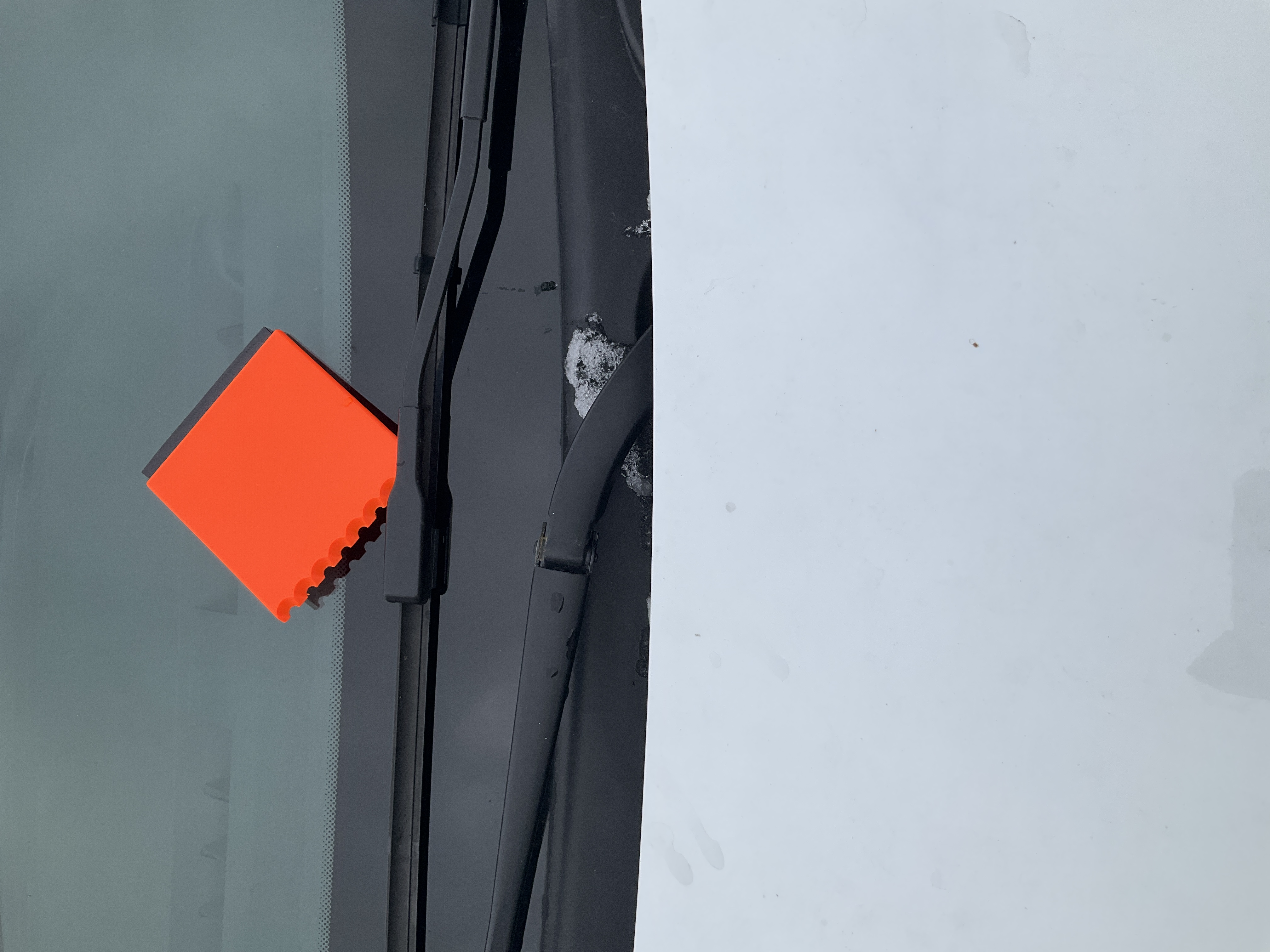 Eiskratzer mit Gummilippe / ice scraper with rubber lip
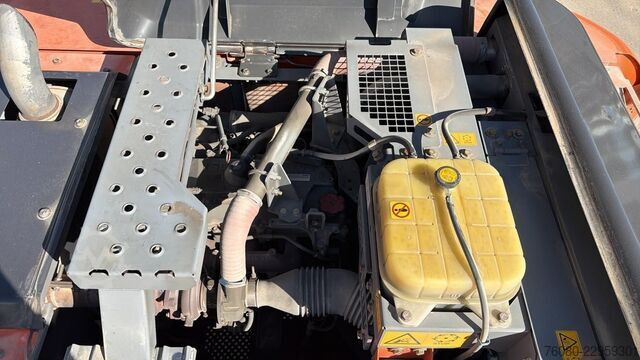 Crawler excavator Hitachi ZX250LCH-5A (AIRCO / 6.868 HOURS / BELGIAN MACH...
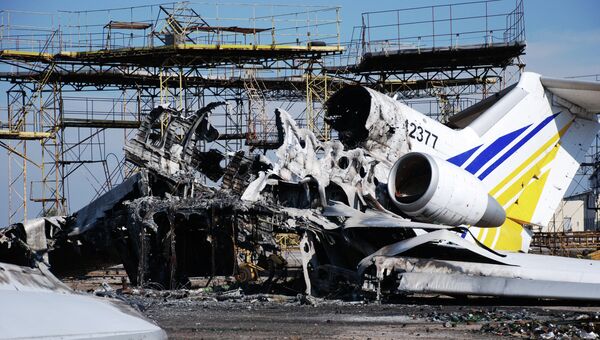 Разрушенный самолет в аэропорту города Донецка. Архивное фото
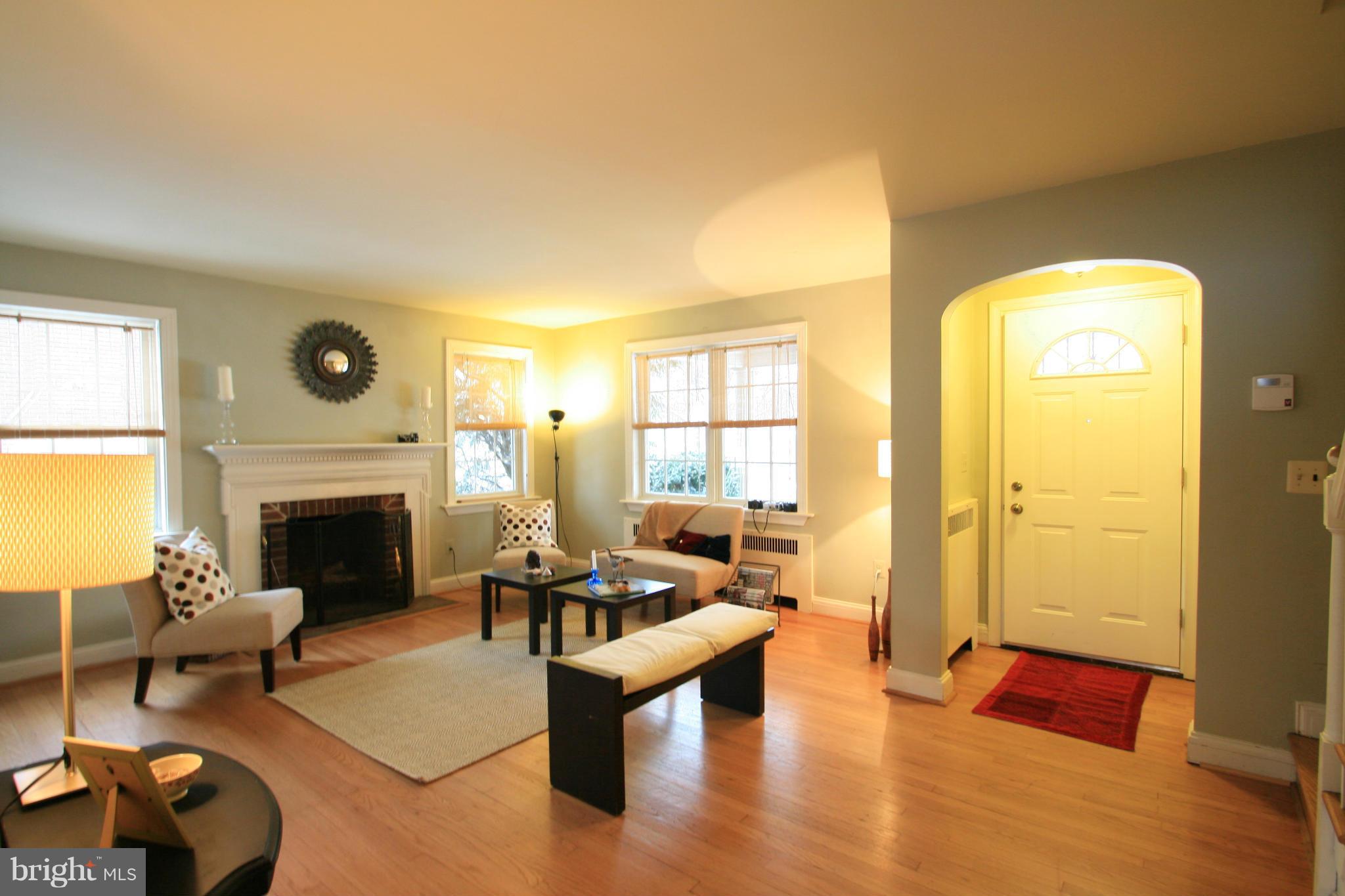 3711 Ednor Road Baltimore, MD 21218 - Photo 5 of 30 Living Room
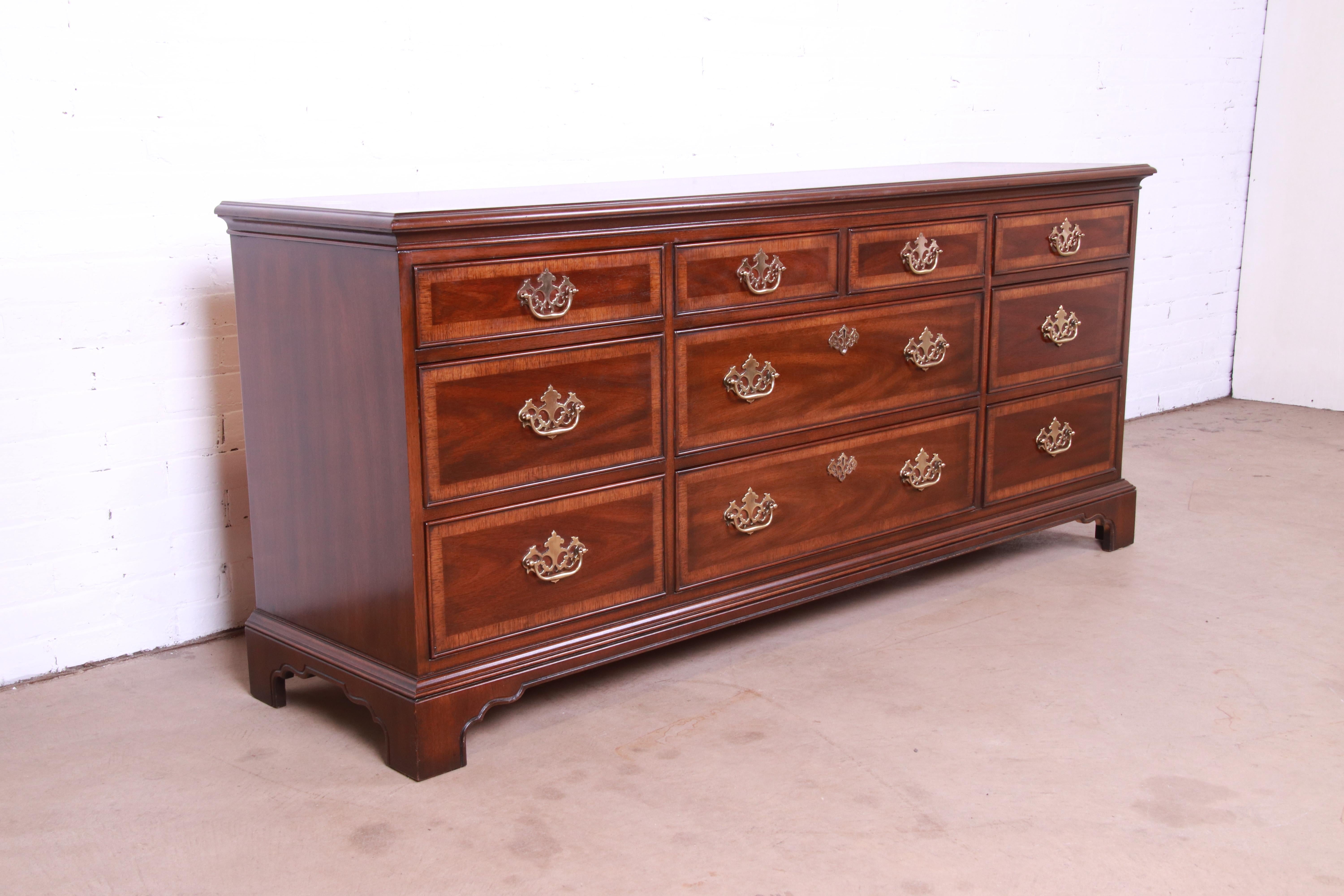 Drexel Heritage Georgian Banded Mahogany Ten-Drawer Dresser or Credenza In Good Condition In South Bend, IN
◇ ◇ ◇ ◇
> **Brief**
The lines to write out run from the one containing "3711 Ednor Road" through the final line of the material above, both included; write them out exactly, with no pictures.

> **Completed exercise**
 3711 Ednor Road Baltimore, MD 21218 - Photo 5 of 30 Living Room
 Drexel Heritage Georgian Banded Mahogany Ten-Drawer Dresser or Credenza In Good Condition In South Bend, IN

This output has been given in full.